[Image-text web data]
------------
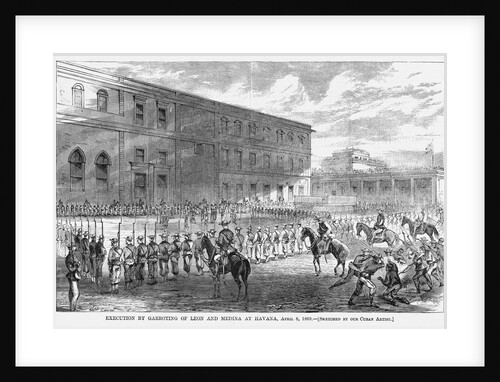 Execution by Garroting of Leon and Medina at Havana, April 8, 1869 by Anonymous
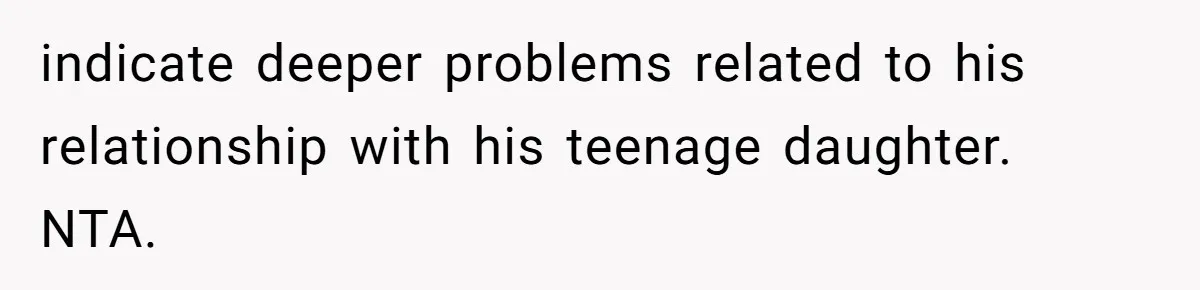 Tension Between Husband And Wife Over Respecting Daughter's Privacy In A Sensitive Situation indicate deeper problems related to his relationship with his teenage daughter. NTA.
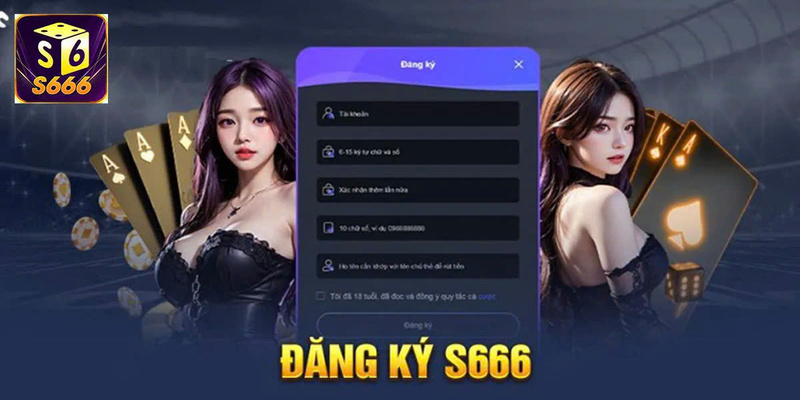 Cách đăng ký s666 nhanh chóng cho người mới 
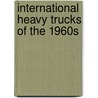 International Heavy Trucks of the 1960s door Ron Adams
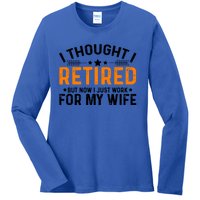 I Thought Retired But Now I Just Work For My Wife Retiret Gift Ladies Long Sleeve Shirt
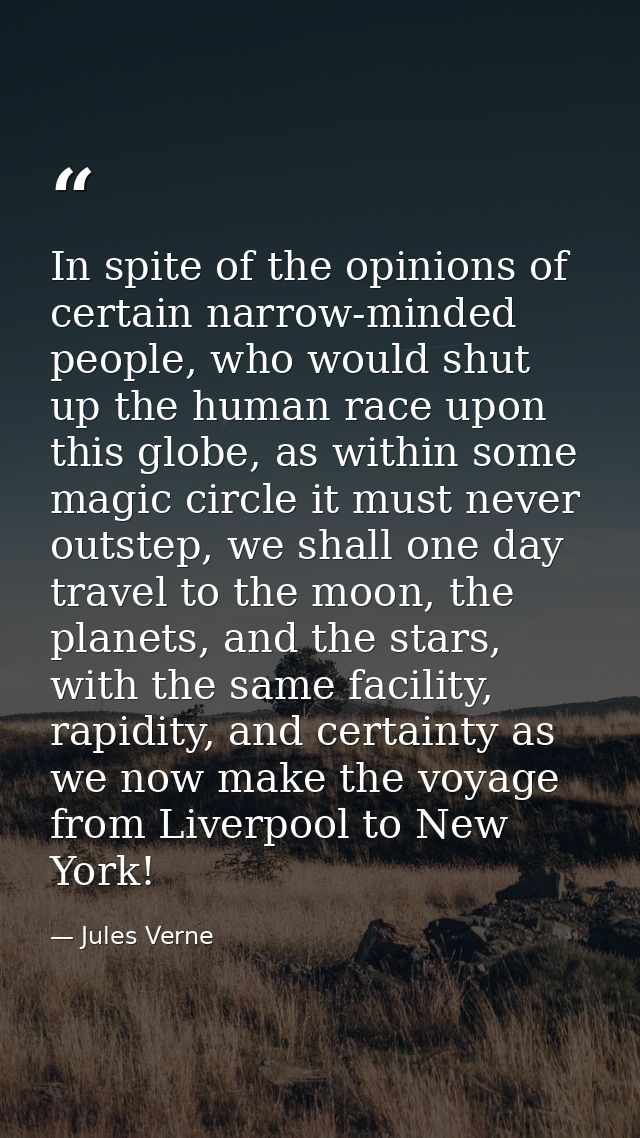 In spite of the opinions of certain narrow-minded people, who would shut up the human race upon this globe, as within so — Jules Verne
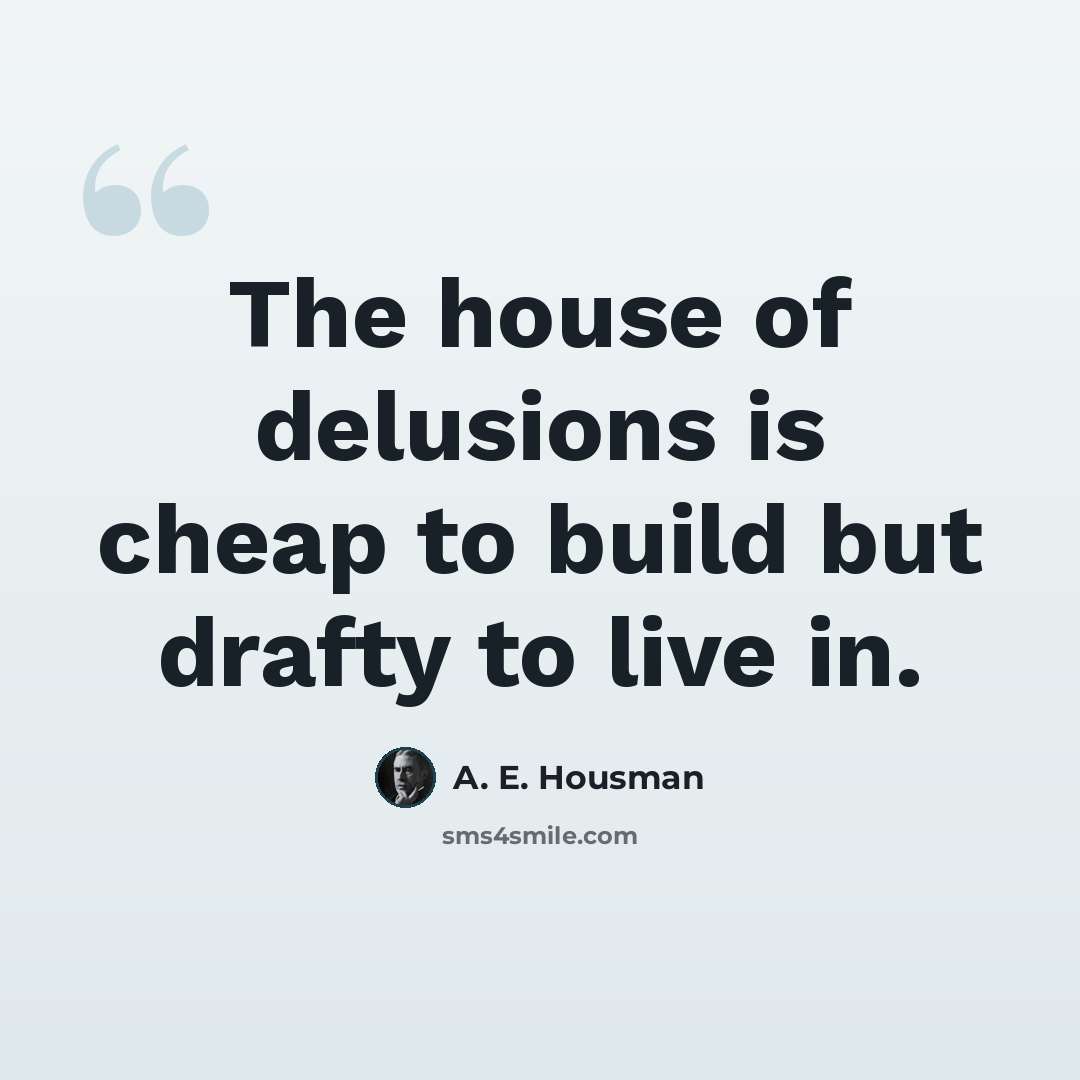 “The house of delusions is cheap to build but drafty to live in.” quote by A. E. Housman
------------
Requirement —
Transcribe every entry word for word, excluding images.

Response to the task —
 Execution by Garroting of Leon and Medina at Havana, April 8, 1869 by Anonymous
 Tension Between Husband And Wife Over Respecting Daughter's Privacy In A Sensitive Situation indicate deeper problems related to his relationship with his teenage daughter. NTA.
 Cách đăng ký s666 nhanh chóng cho người mới 
 International Heavy Trucks of the 1960s door Ron Adams
 I Thought Retired But Now I Just Work For My Wife Retiret Gift Ladies Long Sleeve Shirt
 In spite of the opinions of certain narrow-minded people, who would shut up the human race upon this globe, as within so — Jules Verne
 “The house of delusions is cheap to build but drafty to live in.” quote by A. E. Housman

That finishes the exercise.